Washington: Scientists, including one of Indian-origin, have identified a human protein that weakens the immune response to HIV and other viruses, an advance that may help improve antiviral therapies, create viral vaccines and lead to new cancer treatments.
"Our study provides critical insight on a paramount issue in HIV research: Why is the body unable to mount an efficient immune response to HIV to prevent transmission" said Sumit Chanda, from Sanford-Burnham Prebys Medical Discovery Institute (SBP) in US.
"This research shows that the host protein NLRX1 is responsible - it's required for HIV infection and works by repressing the innate immune response," said Chanda.
The innate immune response works by producing a cascade of signalling chemicals (interferons and cytokines) that trigger cytotoxic T cells to kill pathogens.
Increasing evidence suggests that mounting an early, potent innate immune response is essential for the control of HIV infection, and may improve the effectiveness of vaccines.
"Importantly, we were able to show that deficiencies in NLRX1 reduce HIV replication, suggesting that the development of small molecules to modulate the innate immune response may inhibit viral transmission and promote immunity to infection," said Chanda.
"We anticipate expanding our research to identify NLRX1 inhibitors," he said.
Although HIV is a single-stranded RNA virus, after it infects an immune cell it is rapidly reverse transcribed into DNA, increasing the level of DNA found in the fluid portion of a cell (cytosol).
Elevated cytosolic DNA triggers a sensor called STING (stimulator of interferon genes) that turns on the innate immune response.

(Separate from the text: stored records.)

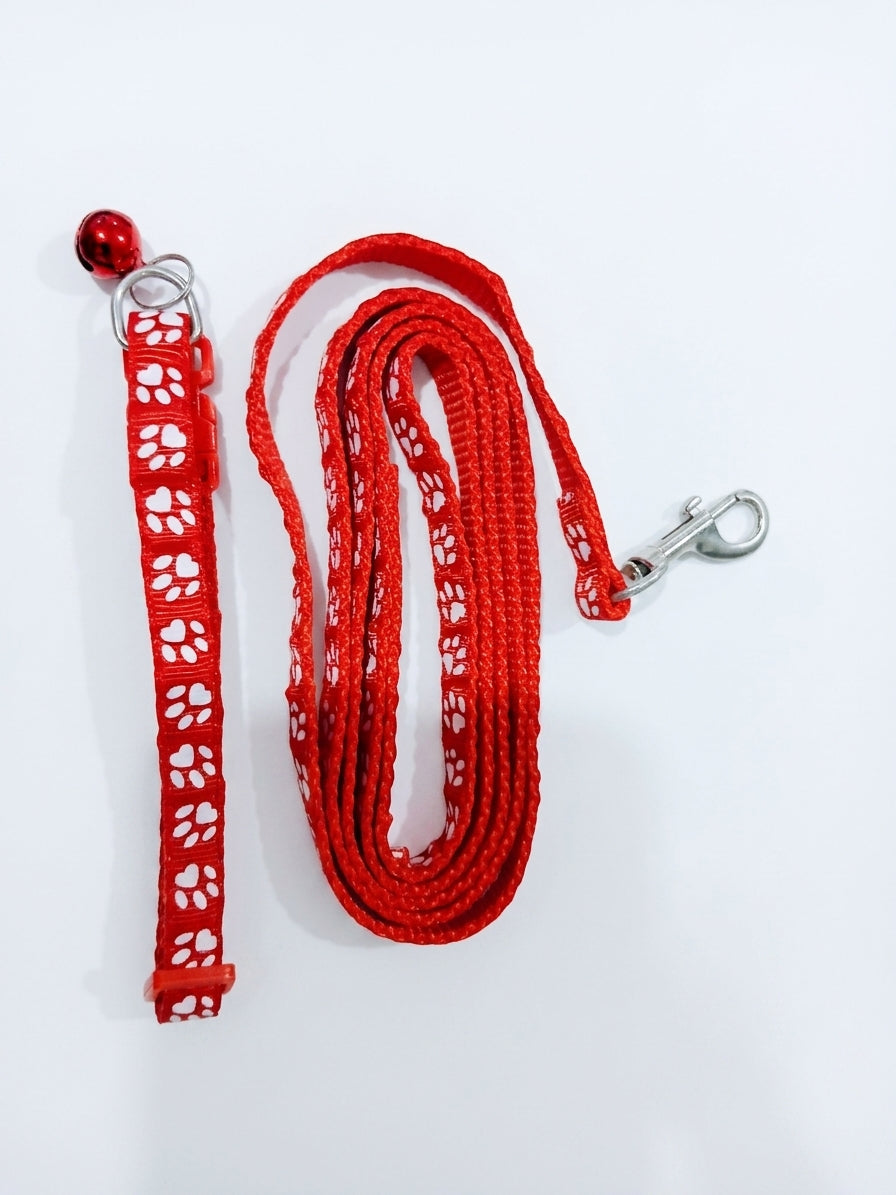 Teacup Collar & Leash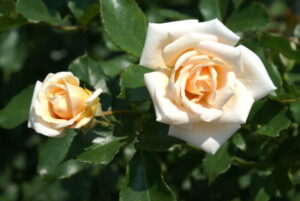 Cream Midinette Rose 5lt Cream Midinette Rose 5lt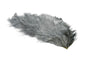 Whiting Mini Bird Fur â€“ dealerweb-cms-fc775b59-9879-49cc-9989-fee93c7f08dd.jpg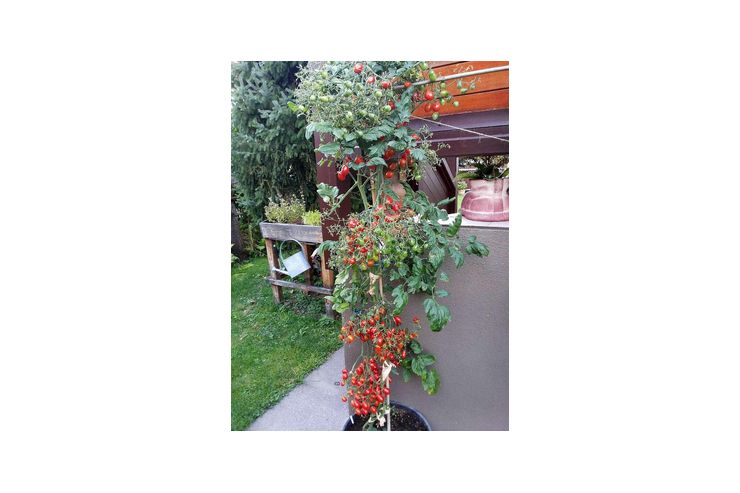 Rispen Tomaten ausgefallene Raritten - Pflanzen - Bild 1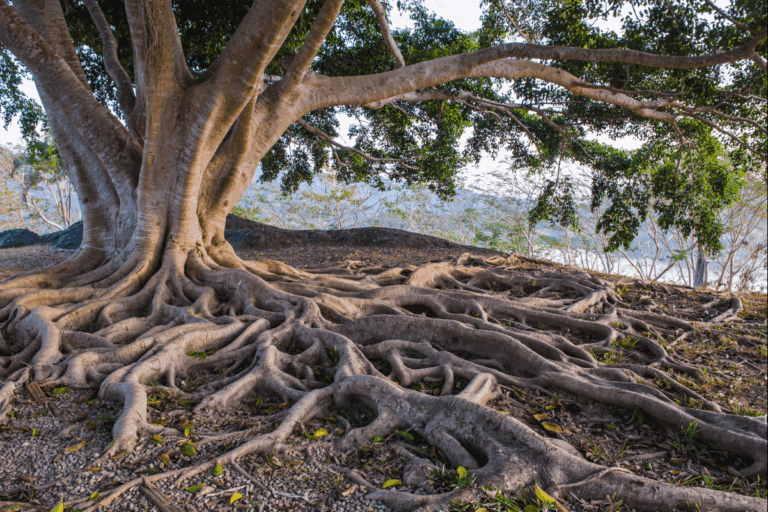 Playlist Arbres et nature
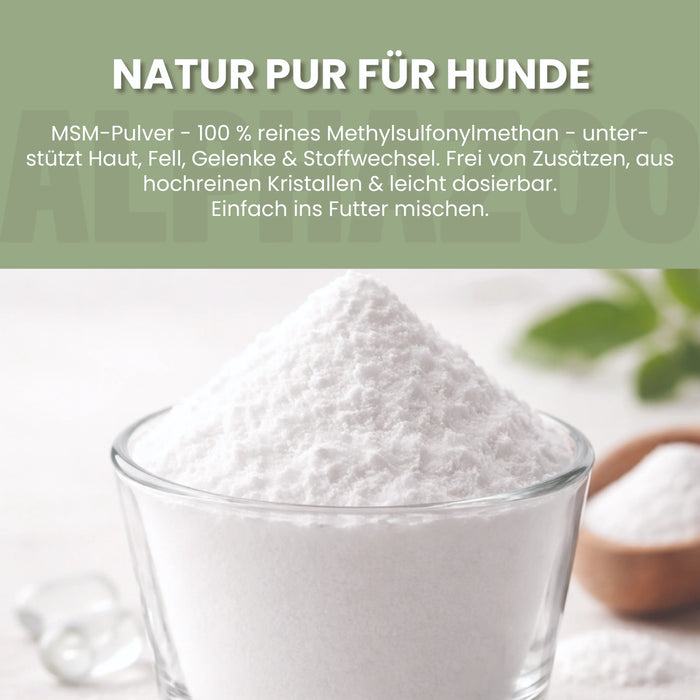 MSM Pulver für Hunde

"Until now, the mechanism by which NLRX1 promoted HIV infection was unexplored. We have shown that NLRX1 interacts directly with STING, essentially blocking its ability to interact with an enzyme called TANK-binding kinase 1 (TBK1)," said Haitao Guo from the University of North Carolina (UNC) School of Medicine and lead author of the study.
"The STING-TBK1 interaction is a critical step for interferon production in response to elevated cytosolic DNA, and initiates the innate immune response," said Guo.
"This research expands our understanding of the role of host proteins in viral replication and the innate immune response to HIV infection, and can be extended to DNA viruses such as HSV and vaccinia," added Guo.
The findings were published in the journal Cell Host and Microbe.